Dari konsepsi Iqra, kata Haedar, lahirlah cara pandang tanadzar. Tanadzar sering dikaitkan dengan pandangan terhadap masa depan. Allah mengaitkan orientasi masa depan dengan ketakwaan (QS. Al-Hasyr: 18). Masa depan terjauh sebagai tujuan utama hidup ialah akhirat, sedang masa depan “terdekat” yang harus dijalani ialah kehidupan di dunia ini. Haedar menegaskan bahwa keduanya bersambung untuk meraih kebaikan hidup yang sejati (QS. Al-Baqarah: 201). Artinya, umat Islam tidak boleh melakukan dikotomi antara dunia dan akhirat.
“Untuk sampai ke Hari Akhir itu kita perlu dunia, tidak boleh lari dan anti dunia, tapi harus pro-dunia dengan mengolahnya dalam paradigma Khalifatu fi al-ardh. Kalau Islam memakmurkan dan mengolah dunia, ada pertanggungjawaban dan tidak merusak, akan dikelola secara ihsan yaitu kebaikan yang melampaui,” tutur Haedar.
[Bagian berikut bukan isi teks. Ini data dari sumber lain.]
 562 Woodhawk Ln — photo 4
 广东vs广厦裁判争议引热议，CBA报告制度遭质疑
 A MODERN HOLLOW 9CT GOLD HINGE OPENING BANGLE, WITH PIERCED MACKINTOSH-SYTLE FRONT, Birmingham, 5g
Berkat etos kemajuan ini, Nabi Muhammad Saw sukses mengubah Bangsa Arab yang paganistik menjadi masyarakat Islam tauhidik, serta membangun tatanan sosial-kebangsaan yang berkeadaban mulia. Sekitar 23 tahun mengemban risalah Allah di jazirah Arab itu, Rasulullah telah berhasil membangun kehidupan bangsa Arab yang berperadaban mulia dengan simbol Yastrib yang semula dusun tertinggal menjadi Al-Madinah Al-Munawwarah, kota peradaban yang tercerahkan.
Pada Abad Pertengahan, peradaban Islam mewarnai dunia dengan ilmu pengetahuan. Bahkan dalam buku The Venture of Islam, Marshall Hodgson mengatakan bahwa Baghdad merupakan bintang paling bercahaya di semua gugus kota yang ada di planet bumi saat itu. Pada saat yang bersamaan, Eropa Barat sedang menghadapi era kegelapan.
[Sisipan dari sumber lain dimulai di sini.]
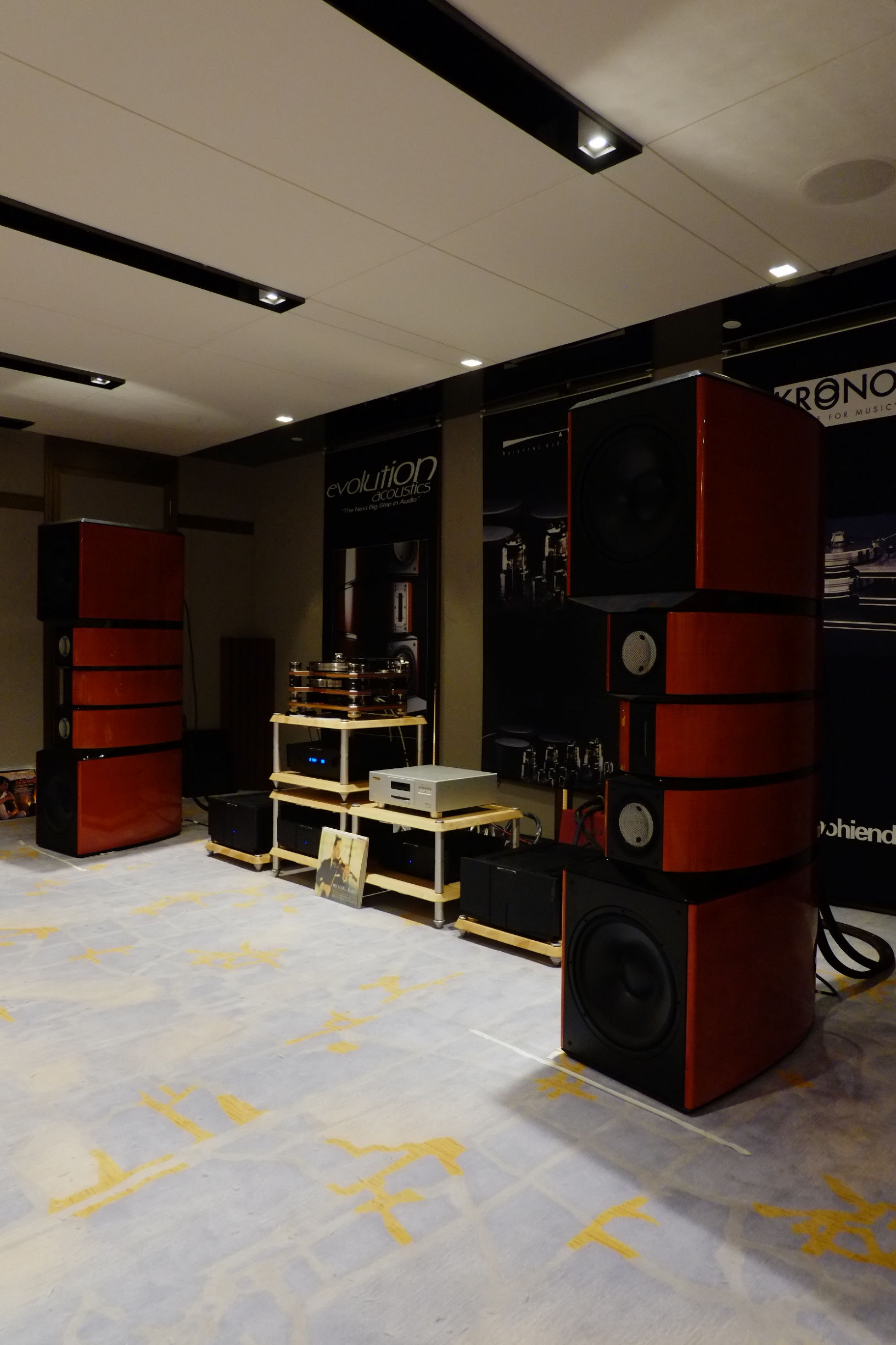 世界顶级音响博览会,世界顶级汽车音响展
“Bagaimana kita sekarang ini, dalam semangat bersatu di tengah perbedaan, kita majukan umat kita, kita majukan bangsa kita, dengan spirit Islam. Alhamdulilah, masjid-masjid kampus termasuk Masjid Salman ITB telah membangkitkan semangat keislaman dan mengintegrasikannya dengan keilmuan. Jangan berhenti, harus terus membuat proyek-proyek pencerahan bagi masa depan,” ucap Haedar.